# Introduction

This script uses the [tabula-py](https://github.com/chezou/tabula-py) library to extract tables from ICE Significant Incident Summary (form G-324A rev. 2019) forms. While these forms are created and were previously distributed as actual text, in February 2021 under the Biden administration, ICE under the direction of DHS Secretary Mayorkas and ICE Director Tae Johnson, ICE inexplicably began distributing these forms as a series of flattened .jpg files bound as a pdf. It is not clear what procedures were used to convert perfectly good text based pdf files into the equivelant of scanned images. However, doing so makes the files more difficult to properly analyze and the additional manipulation to the files by ICE introduces error for the analyst as additional transformations are requied to convert the files back into text.

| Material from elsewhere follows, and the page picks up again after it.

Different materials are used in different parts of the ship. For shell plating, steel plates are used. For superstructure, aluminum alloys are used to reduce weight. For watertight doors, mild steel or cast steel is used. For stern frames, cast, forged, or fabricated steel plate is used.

For this project, Adobe Acrobad DC was used to apply optical character recognition (OCR) to the ICE modified files. Once OCR was appled, the [Tabula](https://tabula.technology/) application GUI was used to create a table extraction template. This template, saved as a .json file was placed into the project's document directory while OCR'd pdfs were placed into a data directory. This script was then used to call the `tabula.read_pdf_with_template()` function to apply the template to each pdf contained in the data directory. Each pdf contains multiple tables, each of which is best broken down into smaller component parts to avoid regognition errors. In this case, there are six individual compoent tables several of which need to be merged manually by analysts. Python was instructed to create individual .csv files for each of the component tables defined in the tabula template file.

# Additional Notes

Initially, the code below was developed and run in RStudio as part of an R Markdown file as most of the project analysis takes place within R. However, debugging proved difficult as RStudio was not particuarly verbose with error reporting. Development of the script shifted to Jupyter, and forms this document. Some of the pdf files generated errors. The cause of this is still not identified, and it bears mention that these files also generate errors when the template is applied to the tabula GUI interface, but that creating extraction zones specific to the files seems to generate desired output. The problematic files will be processed individually by hand. Lastly, there is an R library for tabula called `tabulizer`. However, as of the development of this script it did not yet appear to incorporate the use of template files. Therefore, the decision was made to use tabula-py.

In [2]:
# Import libraries
import pandas as pd
import tabula
import os

In [32]:
# get list of files in data directory, removing the file extension
listdir =os.listdir("./data/")
filelist=[x.split('.')[0] for x in listdir]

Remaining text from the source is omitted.